═══ Available data

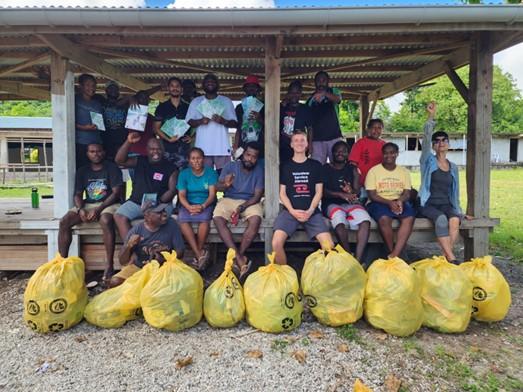 A large group of people smile for the camera with the bags full of rubbish they just collected A large group of people smile for the camera with the bags full of rubbish they just collected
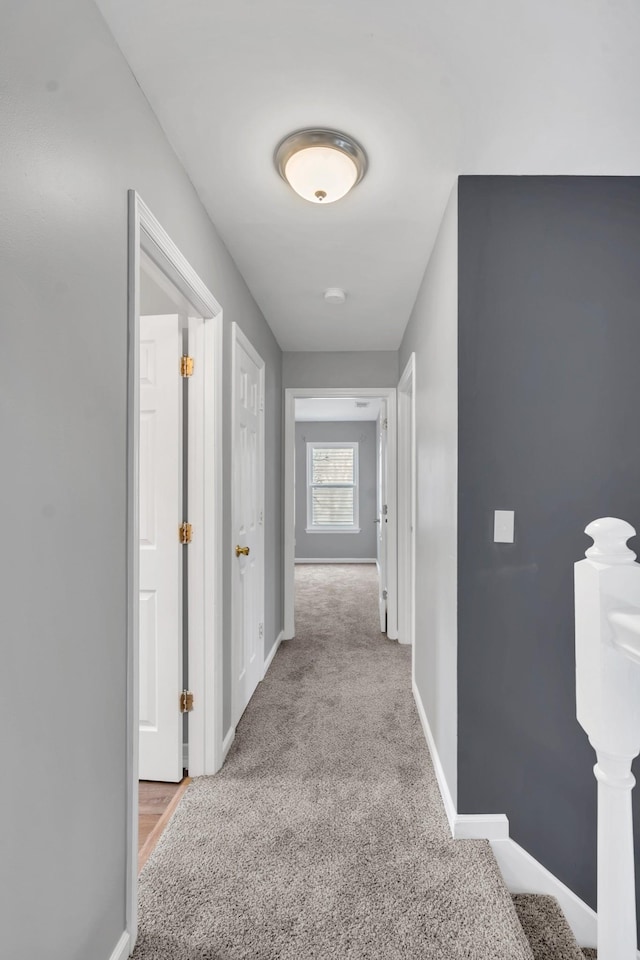 hallway featuring light carpet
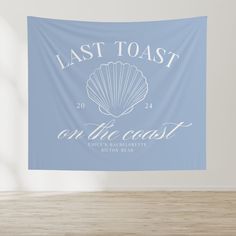 a blue wall tapestry with the words last toast and an image of a seashell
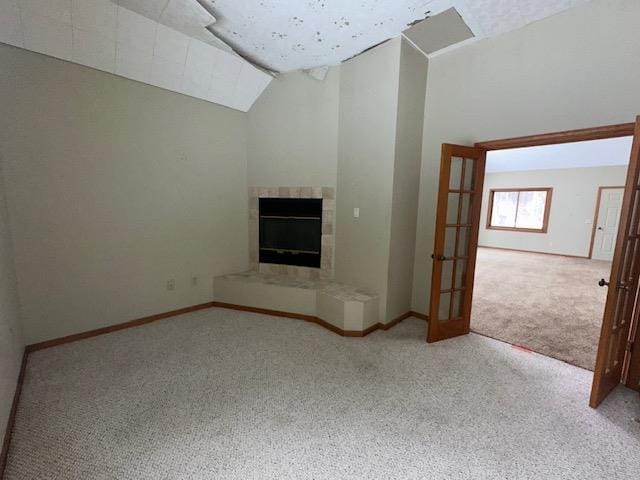 unfurnished living room featuring baseboards, high vaulted ceiling, a tile fireplace, and carpet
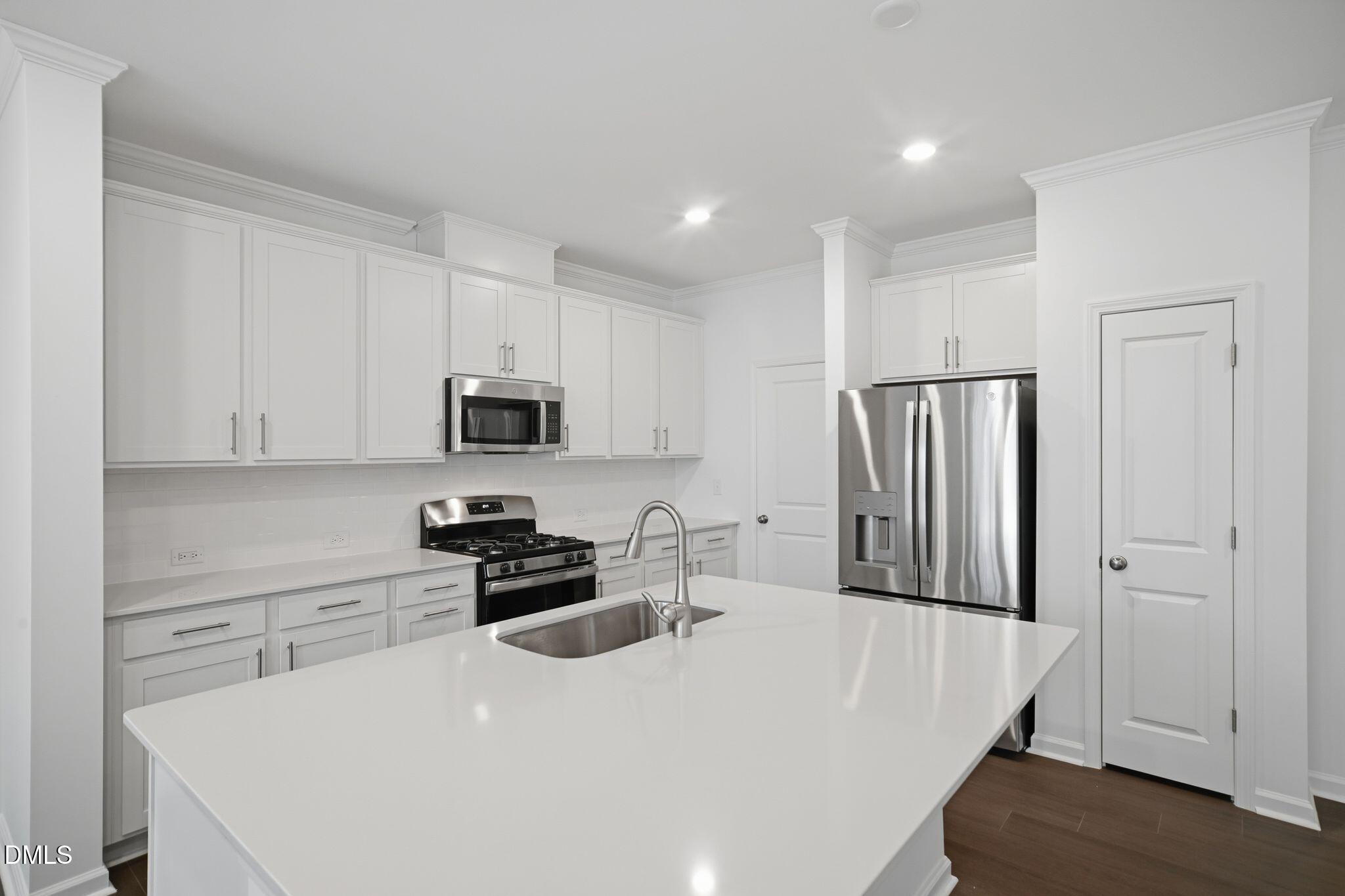 123 Tree Moss Court Rolesville, NC 27571 - Photo 10 of 33 a kitchen with stainless steel appliances a refrigerator a stove a microwave and cabinets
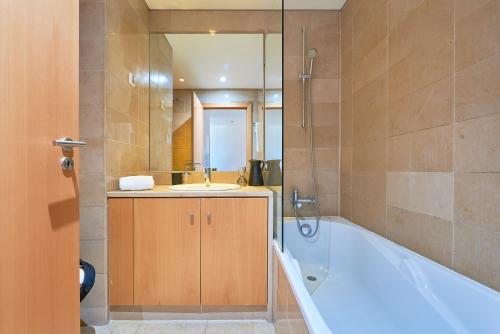 a bathroom with a tub and a sink and a bath tub at Expo Studio in Lisbon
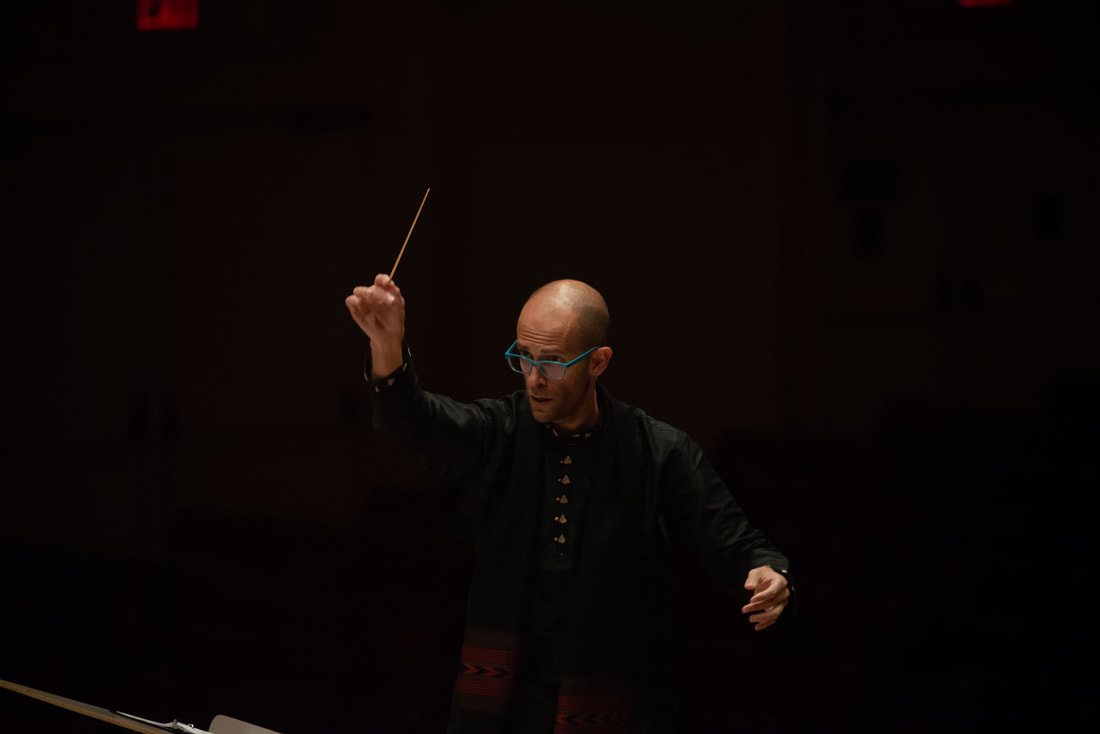 Amir Zaheri conducting, close up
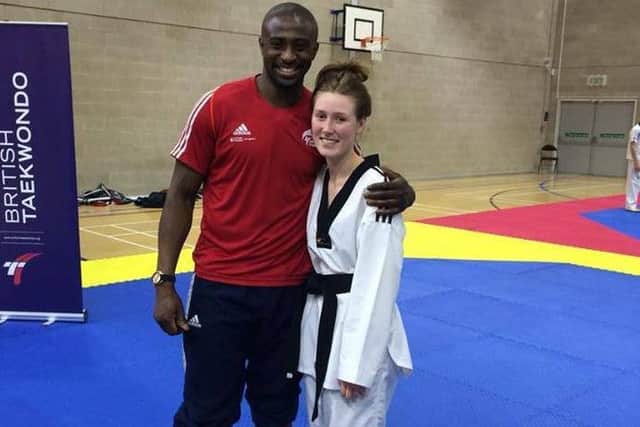 Megan Featherstone with Mahama Cho.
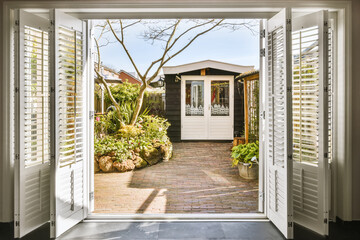 an open front door with shutters on the outside and trees in the yard behind it, as seen from inside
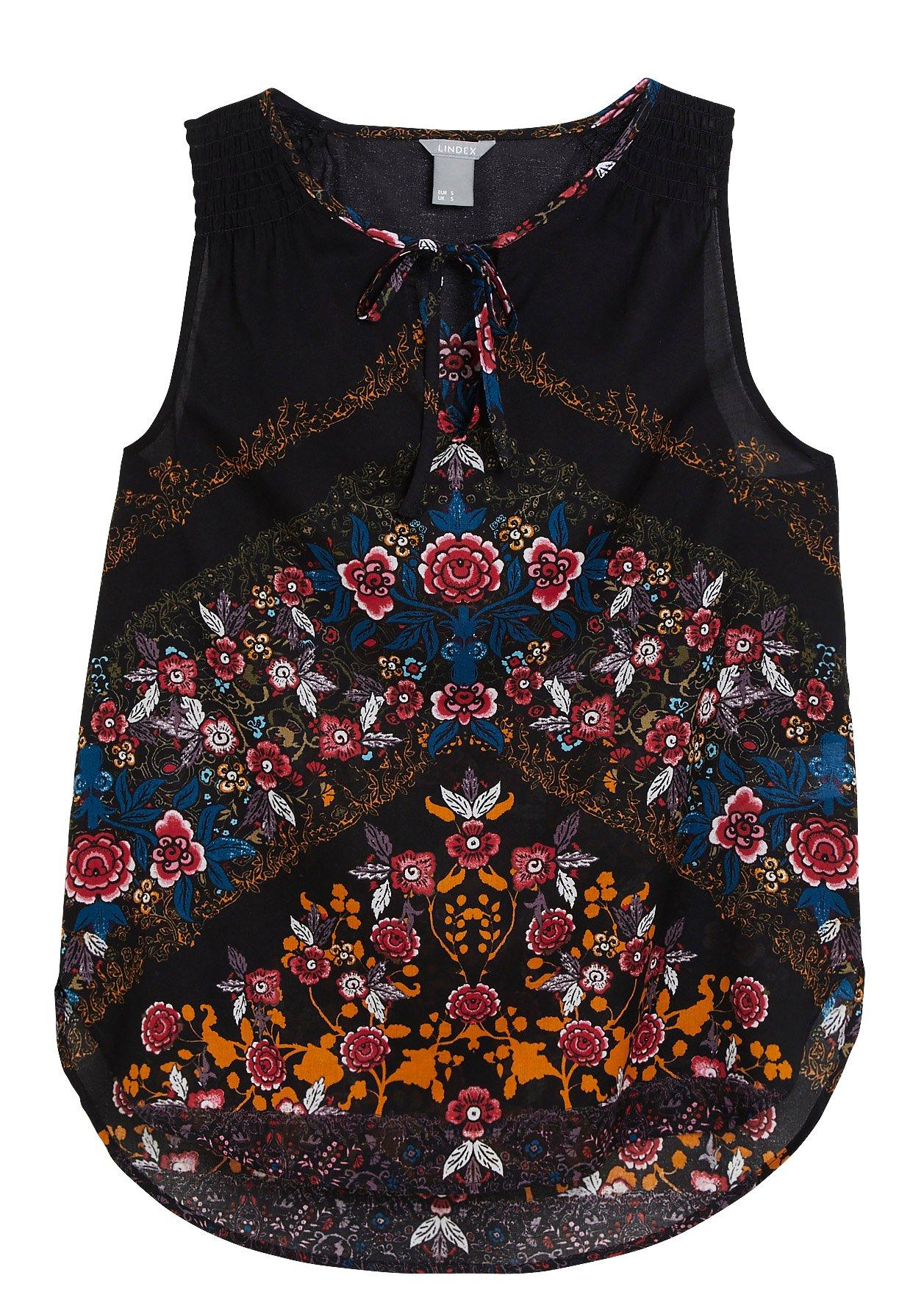 Ermeløs bluse i bomull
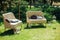 Cozy sofas for relaxing in the garden near the house on the grass. Relax and rest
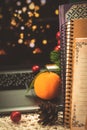 Festive winter still life with mandarin or tangerin on background of books, laptop and garlad bokeh, holidays at home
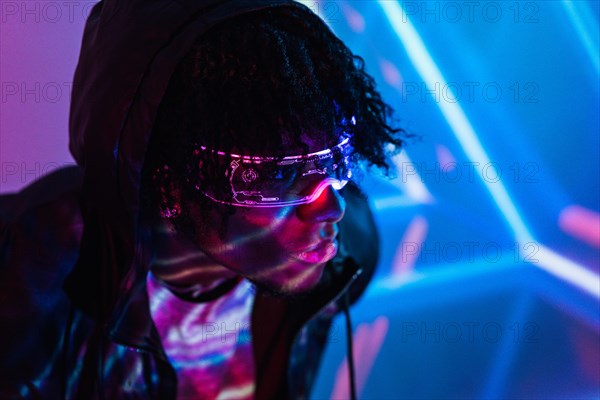 Studio portrait with purple and blue neon lights of an afro futuristic man wearing artificial intelligence goggles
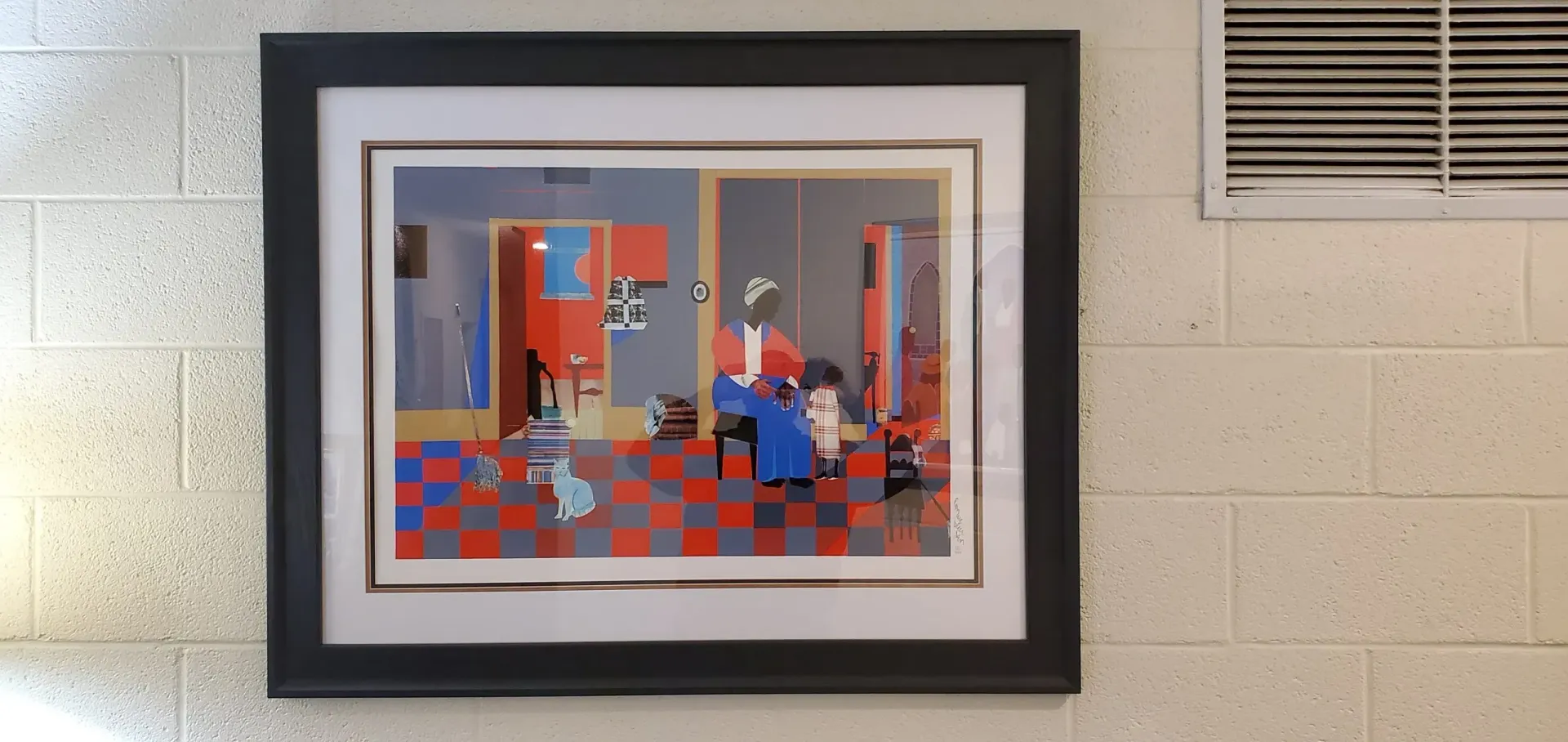 Framed artwork depicting a colorful interior scene, hanging on a beige brick wall.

══════

Provide the lines again, unchanged, from where the data above begins through the line containing "Ermeløs bluse i bomull", both ends included, omitting pictures and adding nothing.

 A large group of people smile for the camera with the bags full of rubbish they just collected A large group of people smile for the camera with the bags full of rubbish they just collected
 hallway featuring light carpet
 a blue wall tapestry with the words last toast and an image of a seashell
 unfurnished living room featuring baseboards, high vaulted ceiling, a tile fireplace, and carpet
 123 Tree Moss Court Rolesville, NC 27571 - Photo 10 of 33 a kitchen with stainless steel appliances a refrigerator a stove a microwave and cabinets
 a bathroom with a tub and a sink and a bath tub at Expo Studio in Lisbon
 Amir Zaheri conducting, close up
 Megan Featherstone with Mahama Cho.
 an open front door with shutters on the outside and trees in the yard behind it, as seen from inside
 Ermeløs bluse i bomull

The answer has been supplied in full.